Cx flyboy From Hong Kong, joined Dec 1999, 6341 posts, RR: 56 Reply 20, posted (11 years 3 months 2 weeks 3 days 11 hours ago) and read 4247 times:
It is correct that the 747 is designed to be capable of this kind of landing, but pilots are not taught to land like that on a dry runway. We are taught to kick out the rudder upon flaring, whilst using aileron to keep the wings level. By this time, you will not drift off centreline too much.
When landing on a wet runway it is permissable (But not very good technique) to land with the crab, the slippery runway will aide in helping you to correct and track the centerline.
The photos show landings quite often done when flying the IGS with a tailwind. Pilots tend to forget that they're going to get blown wide, and have to get a very large crab angle to get back over the centerline. Often they land still in that attitude rather than go-around.
Musang From United Kingdom, joined Apr 2001, 754 posts, RR: 7 Reply 24, posted (11 years 3 months 2 weeks 2 days ago) and read 4155 times:
Mr BA - If you kick in left rudder the aircraft yaws left, right wing travels through the air faster, develops more lift, so rolls left also. On that basis the answer would have been to feed in left rudder and simultaneous co-ordinated right aileron. Thats the technique for x-wind landings in aircraft which are able to land wing low.
A/c train - CPH-R is correct, there is a cultural trait amongst Asians which equates seniority with infallibility, and makes it difficult for juniors (read co-pilots) to correct or even to question the actions of their seniors (i.e. Captains, or even FEs).
Its known as "saving face", and going around does indeed mean, to many, that mistakes were made leading up to the GA. This is unspeakable, and to admit it is disgrace.
For evidence of the phenomenon, and to allow you to apologise to CPH-R for your post, read the Delta Airlines safety audit which they did on Korean Air a couple of years ago. It contains numerous references to the issue in question, as well as being a frightening inditement of Korean's safety culture.
I haven't seen the Korean Stansted 747F crash report, but believe the FE and FO both made verbal references to the attitude problem, but neither took positive action. The FO, with a functioning attitude indicator, sat and watched the captain slice it into the ground.
For a junior crew member, daring to infer a critisism of the captain wouldn't be worth the risk of the disgrace if he found himself wrong.

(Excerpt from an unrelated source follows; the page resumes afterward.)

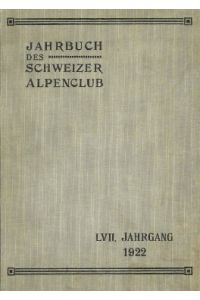 Jahrbuch des Schweizer Alpenclub. Herausgegeben vom Zentralkomitee des SAC.   - 57. Jahrgang 1922.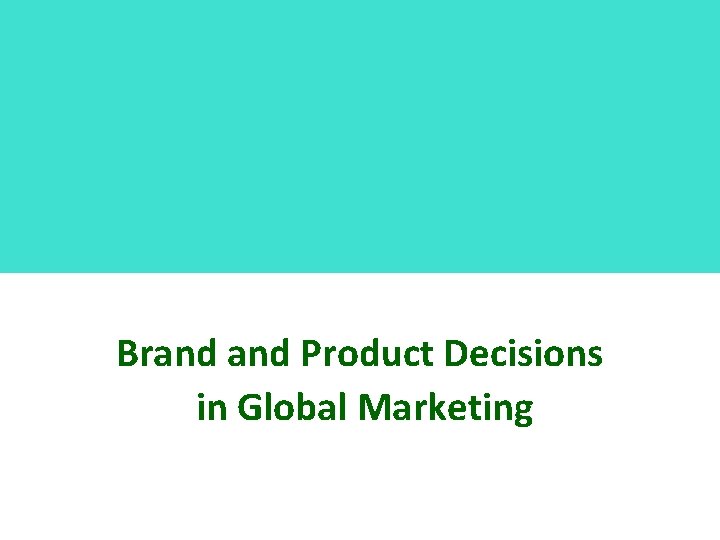 Brand Product Decisions in Global Marketing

Its not only other cultures. A classic example which now figures prominently in CRM training involves an American (but NOT AA) 727 crew landing at night. Throughout the flight the Captain and FE have been ganging up on the FO, making fun of him etc. The captain sets up an approach which the FO thinks will end up landing long, on a short runway. The FO voices his concerns several times, only to be shot down by the other two. The Captain of course drives it off the end of the runway, in a classic "Told You So" incident. The difference between this and the Asian idea is that the FO correctly spoke up, but the Captain wouldn't accept critisism.
Saving Face, and unconditional respect for authority/seniority are, unfortunately, known cultural traits in several Asian cultures, and completely at odds with safe flying.
What was going on the original Kai Tak picture we don't know, but I just thought I'd lend support to CPH-R against the uninformed reply to his post.